**WORK INSTRUCTION**
Beginning at the line that includes "Mercedes-Benz E 220 d Avantgarde+ 12", return each line exactly through the end of the listing, and no line before it.

**MATERIAL FOR THE TASK**
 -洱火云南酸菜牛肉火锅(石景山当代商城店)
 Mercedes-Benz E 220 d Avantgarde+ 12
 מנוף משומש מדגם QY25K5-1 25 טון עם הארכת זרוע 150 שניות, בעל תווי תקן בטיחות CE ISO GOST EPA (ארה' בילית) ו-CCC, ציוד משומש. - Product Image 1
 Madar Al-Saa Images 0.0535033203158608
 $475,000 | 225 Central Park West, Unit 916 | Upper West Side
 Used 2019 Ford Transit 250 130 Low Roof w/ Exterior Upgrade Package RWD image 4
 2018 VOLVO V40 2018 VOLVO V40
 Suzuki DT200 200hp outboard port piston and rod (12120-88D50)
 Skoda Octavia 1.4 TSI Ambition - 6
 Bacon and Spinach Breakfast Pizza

**REPLY**
 Mercedes-Benz E 220 d Avantgarde+ 12
 מנוף משומש מדגם QY25K5-1 25 טון עם הארכת זרוע 150 שניות, בעל תווי תקן בטיחות CE ISO GOST EPA (ארה' בילית) ו-CCC, ציוד משומש. - Product Image 1
 Madar Al-Saa Images 0.0535033203158608
 $475,000 | 225 Central Park West, Unit 916 | Upper West Side
 Used 2019 Ford Transit 250 130 Low Roof w/ Exterior Upgrade Package RWD image 4
 2018 VOLVO V40 2018 VOLVO V40
 Suzuki DT200 200hp outboard port piston and rod (12120-88D50)
 Skoda Octavia 1.4 TSI Ambition - 6
 Bacon and Spinach Breakfast Pizza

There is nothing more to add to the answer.